A friend recently tweeted something so simple, and yet so profound. He is jealous for ME. The more I thought about it, the more valuable and precious I felt. God is jealous for ME. He wants my love and attention, time and affection. He wants to KNOW by my actions, by how I spend my money and by how I treat others, that I have His agenda and best interest in mind. I felt like a young woman being asked on a date by her ideal man. Instantly, I’d been given flowers, and candy, and jewels and cards filled with sweet words of adoration. We are called and encouraged to adore Him; He chooses to and desires to adore us. Not the worshipful kind of adoration, the “I’m so in love with you” adoration.

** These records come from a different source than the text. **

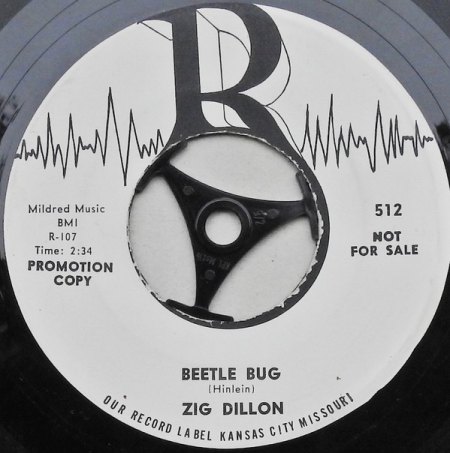 ZIG DILLON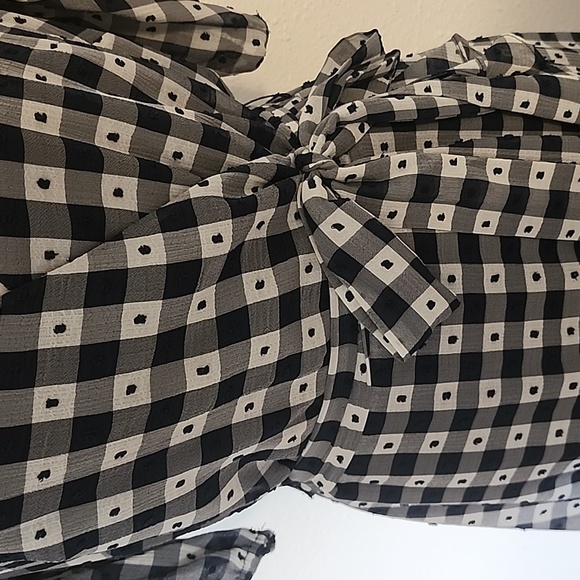 WRAP DRESS - Picture 2 of 4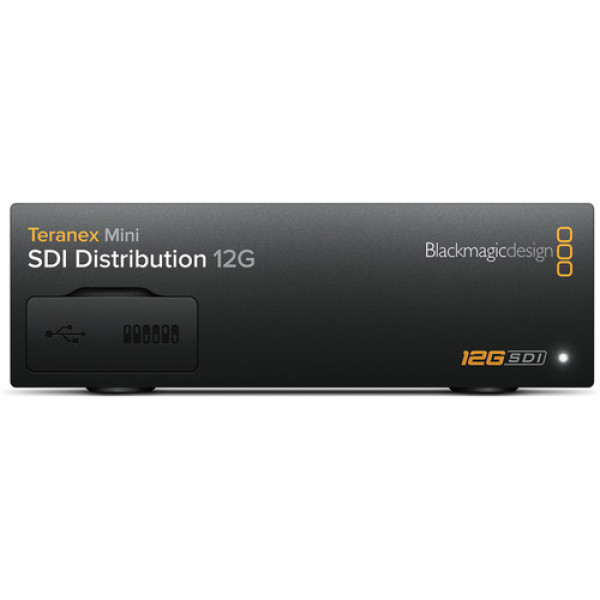 Конвертер Teranex Mini - SDI Distribution 12G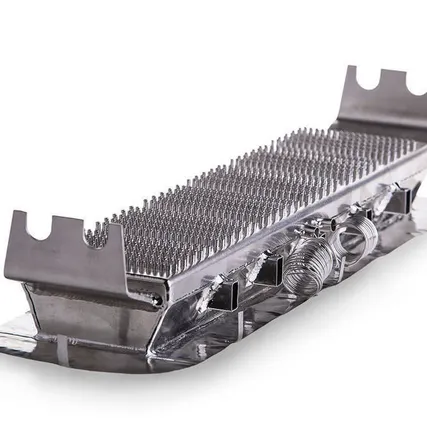 Фото №0 Стеклоплавильные устройства из платины и сплавов на основе платины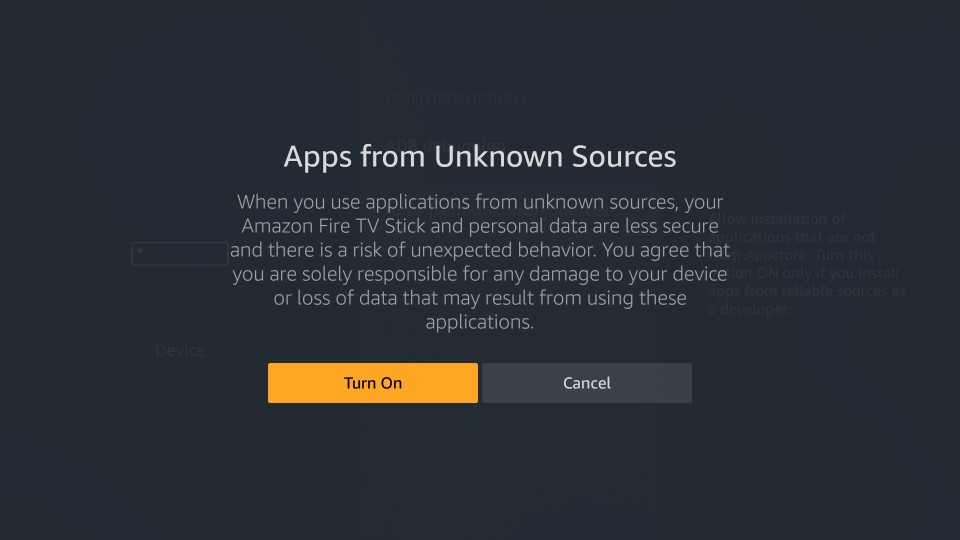 how to install mx player apk on firestick
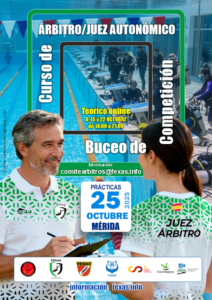 Curso Árbitro Autonómico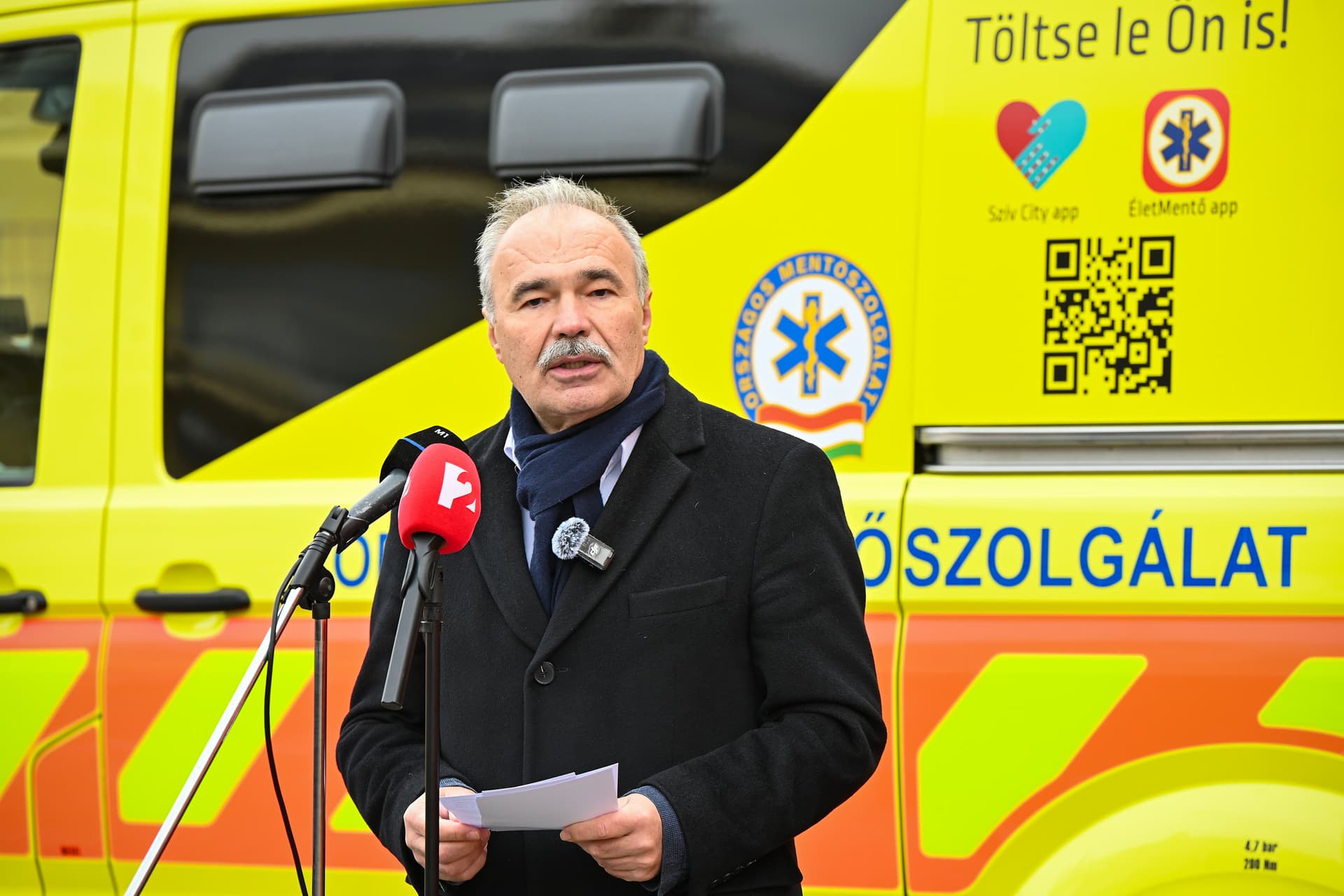 Növekedik Mosonmagyaróvár és térsége mentési biztonsága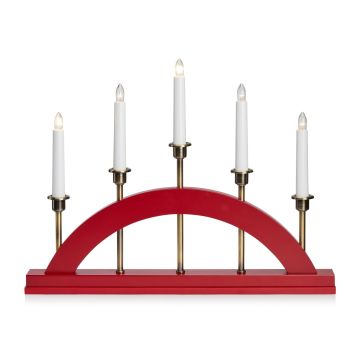 Markslojd BRIDGE 705833 Kerzenständer 5x3W/E10 IP20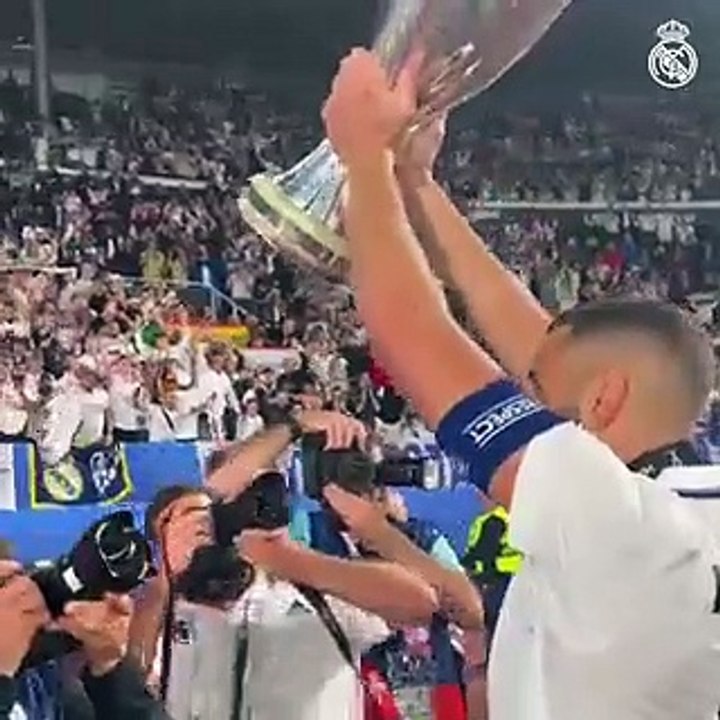 Real Benzema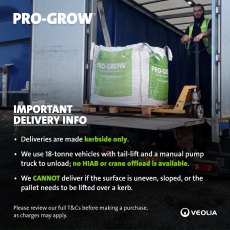 Pro-Salt White Rock Salt 800kg Bulk Bag Pro-Salt White Rock Salt 800kg Bulk Bag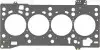 Прокладка ГБЦ VW Caddy 2.0 TDI 15-, Ø82,00mm, 1,71mm, 3 метки VICTOR REINZ 61-38280-20 (фото 1)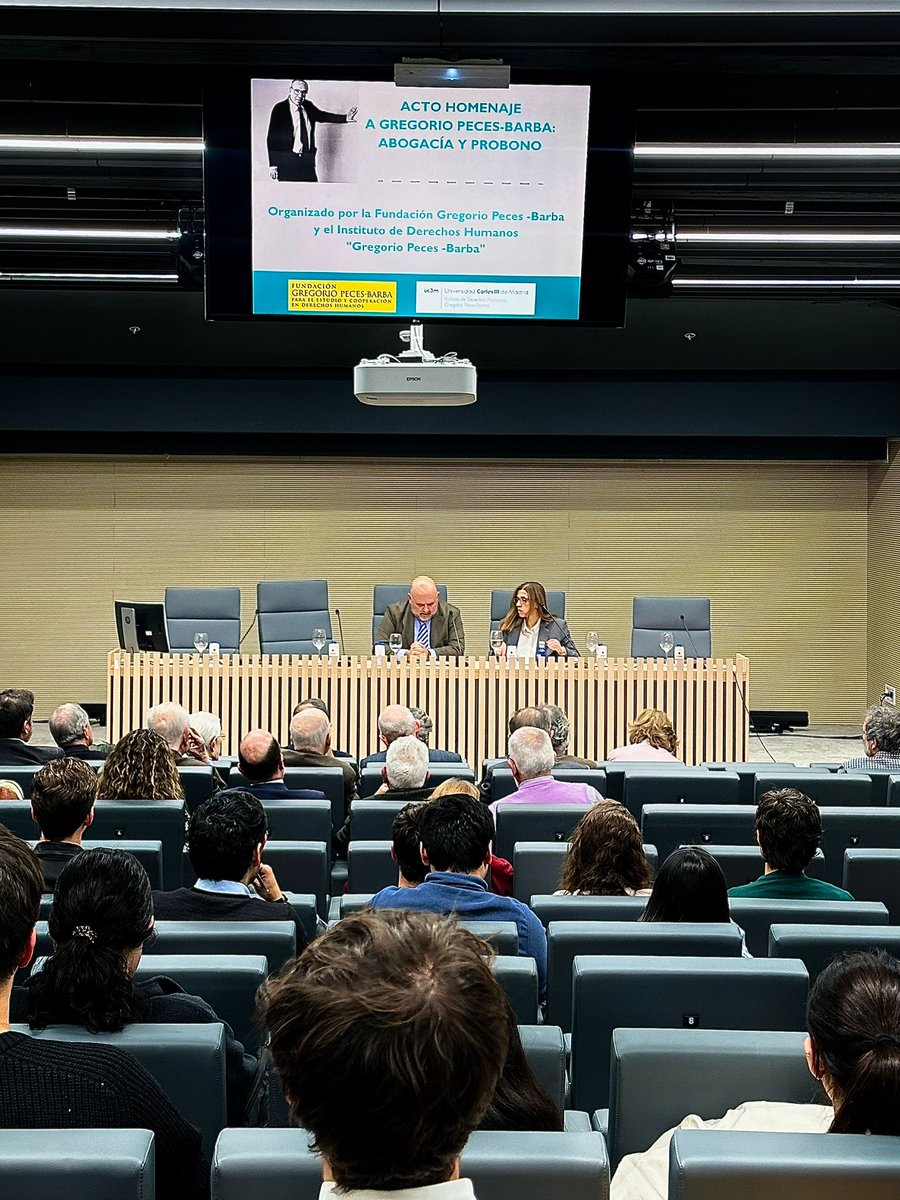 Fundación Gregorio Peces-Barba tweet media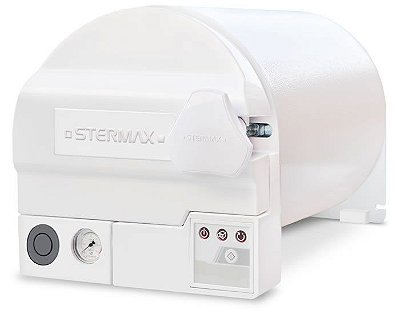 Autoclave Eco Pequena Portátil Analógica 12L Stermax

In the middle of my romance, I remembered something that made me want to weep.I remembered once hearing Oprah speak about why she is more “open-minded” and “universal” in her Christianity than she used to be. She said that she was at church one day and the pastor taught on God being a jealous God. She realized that this jealous God could never be the god she chose to worship. Because this God was a flawed God. Jealousy, after all is a flaw. It was at this point that she embraced the idea that there were many ways to the Divine. God held out a gift to her. The gift of head over heels, crazy love..a passionate love that proved itself through death in order to save her life. She, at least for the moment, rejected it, for her own idea.
So, the same thought, God being jealous for me, brought me joy and her pain. The idea that God is jealous of things that steal my time from Him makes me want to put on a long flowing skirt and twirl. He cares for ME. He longs for all of my attention, and counts anything that distracts from Him as something He is jealous over. He is the lover of my soul.